**Try it**
Copy out the listing below exactly, please, and skip any pictures.

**Information shown**
· · · · ·

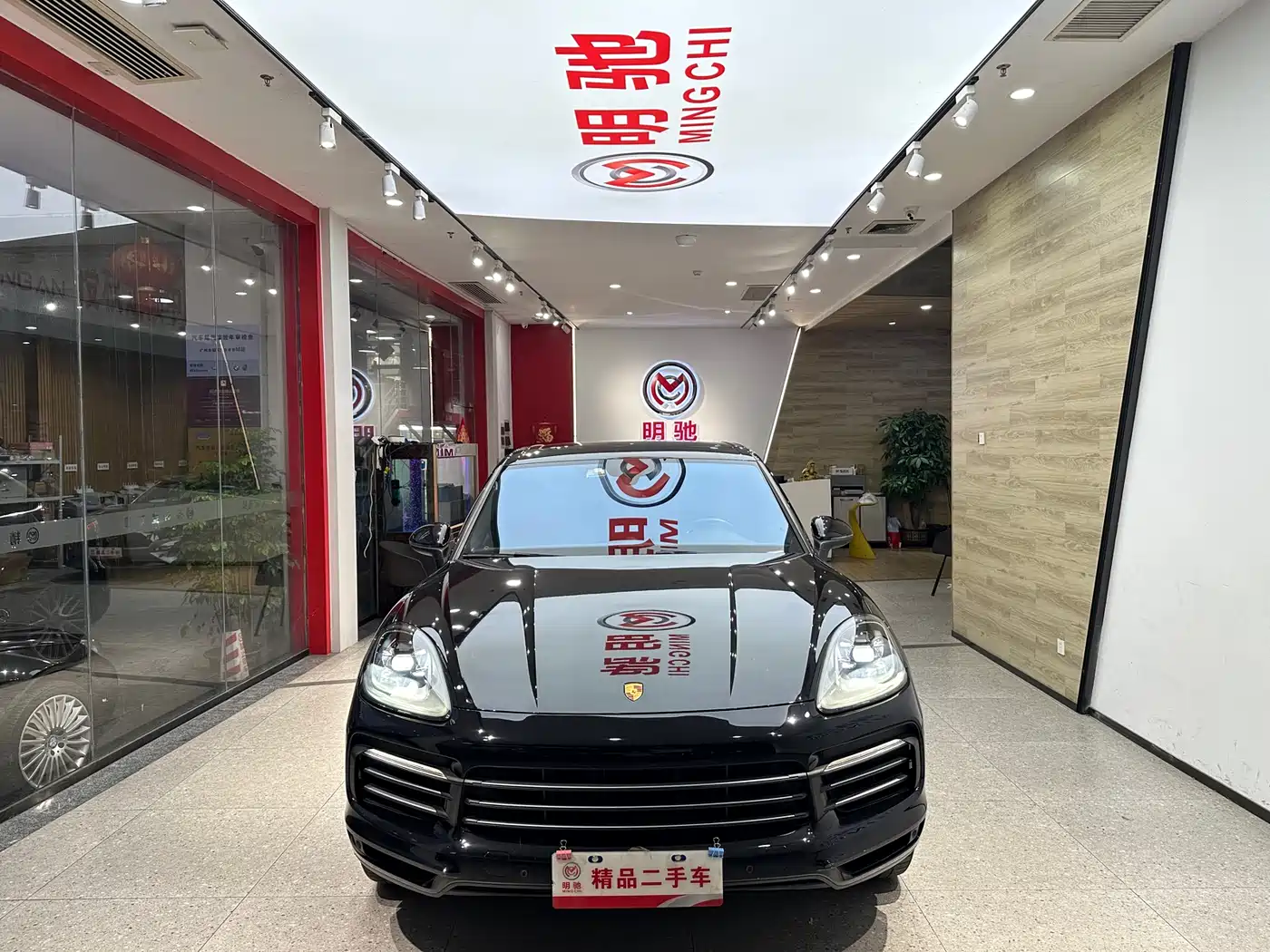 Porsche Cayenne 2019 Cayenne 3.0T фото 2
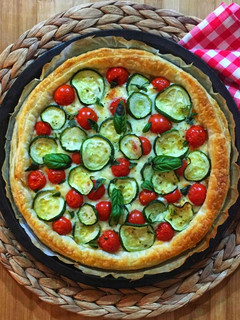 Foto di Torta salata con zucchine e pomodorini 🌷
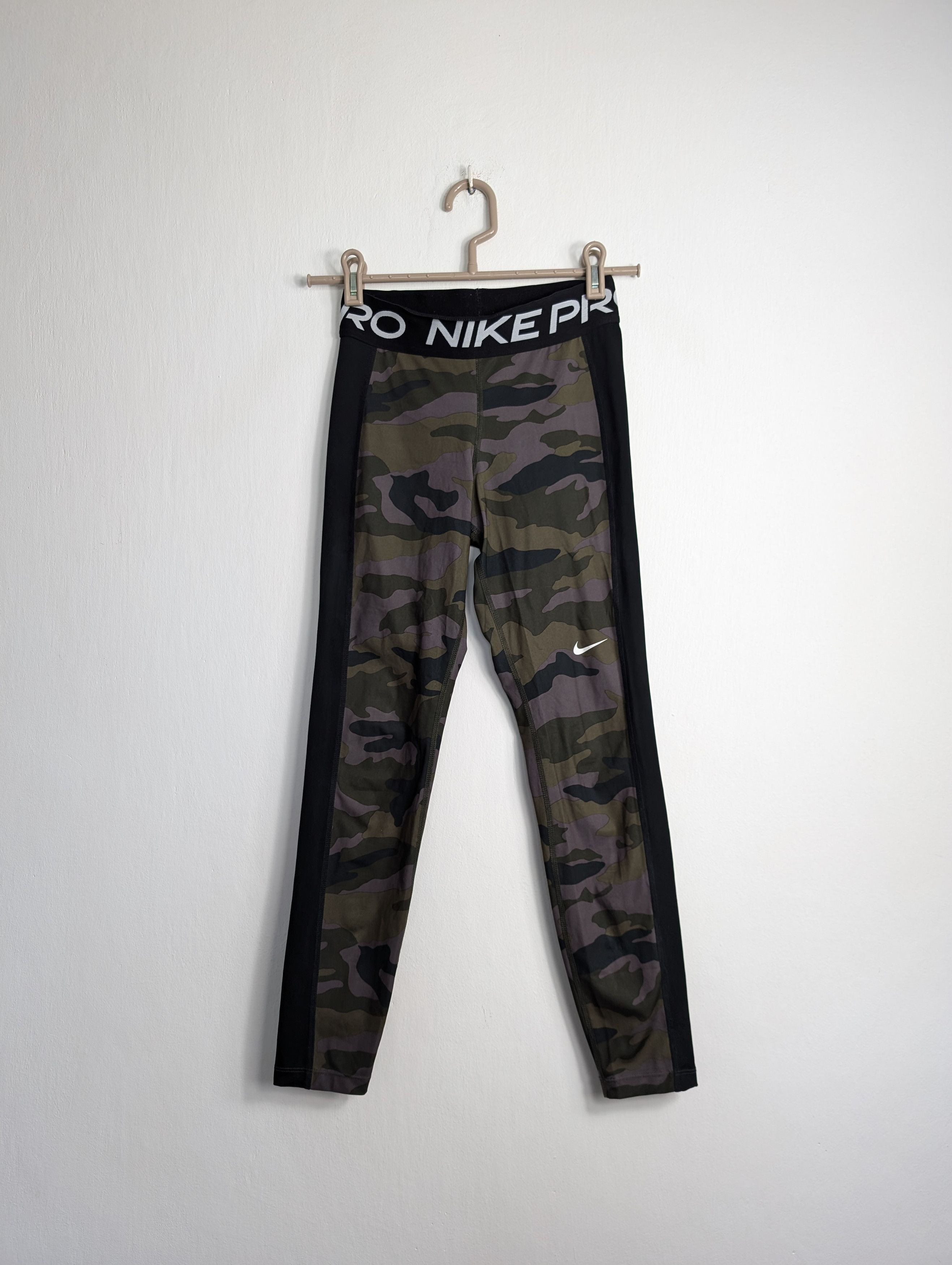Nike Nike Pro Camo Leggings Women's Gym Fitness Workout Size 27" / US 4 / IT 40 - 2 Thumbnail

· · · · ·

**Problem solution**
 Porsche Cayenne 2019 Cayenne 3.0T фото 2
 Foto di Torta salata con zucchine e pomodorini 🌷
Nike Nike Pro Camo Leggings Women's Gym Fitness Workout Size 27" / US 4 / IT 40 - 2 Thumbnail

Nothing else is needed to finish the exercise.